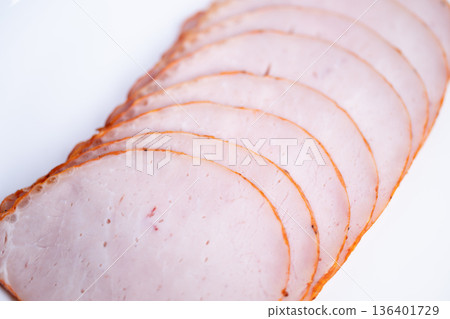 Warm tones for picnic arrangement. Rustic ham slices tailored for social platter. Relaxed picnic setup featuring ham slices styled for sharing on casual outdoor snack board Warm tones for picnic arrangement. Rustic ham slices tailored for social platter. Relaxed picnic setup featuring ham slices styled for sharing on casual outdoor snack board 136401729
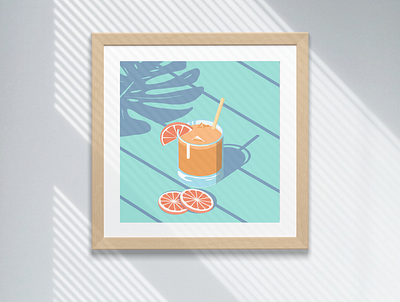 Orange juice artwork artwork decor digitalart graphic design illustration mockup procreate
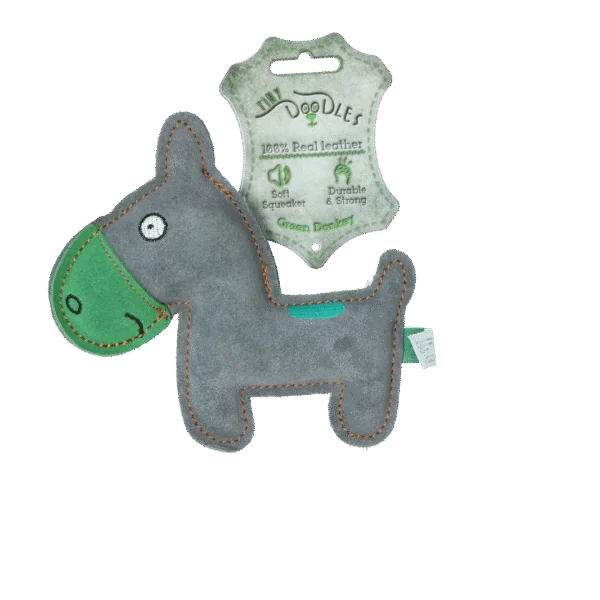 Jucărie de pluș pentru câini din piele de bovină, cu piuitor silențios, verde – Tiny Doodles Ezel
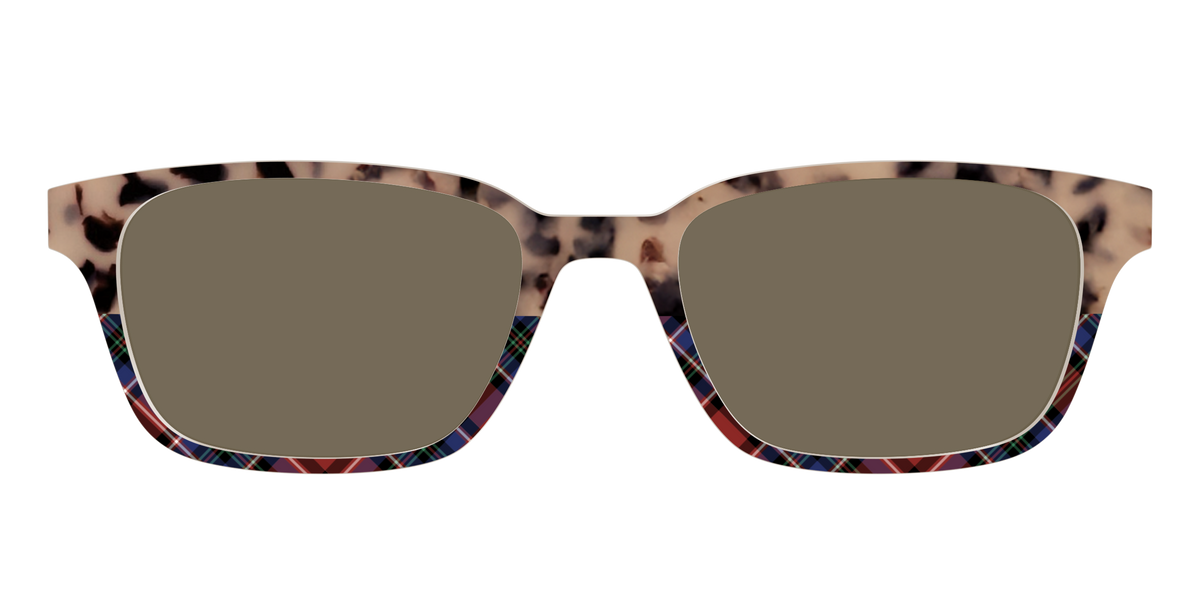 The Polarized Cookie Dough Tortoise & Plaid Split Sun Top - Front Top Image - Pair Eyewear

# What to produce
Write out everything in the data word for word. Omit each picture.

# Solved problem
 Warm tones for picnic arrangement. Rustic ham slices tailored for social platter. Relaxed picnic setup featuring ham slices styled for sharing on casual outdoor snack board Warm tones for picnic arrangement. Rustic ham slices tailored for social platter. Relaxed picnic setup featuring ham slices styled for sharing on casual outdoor snack board 136401729
 Orange juice artwork artwork decor digitalart graphic design illustration mockup procreate
 Jucărie de pluș pentru câini din piele de bovină, cu piuitor silențios, verde – Tiny Doodles Ezel
 The Polarized Cookie Dough Tortoise & Plaid Split Sun Top - Front Top Image - Pair Eyewear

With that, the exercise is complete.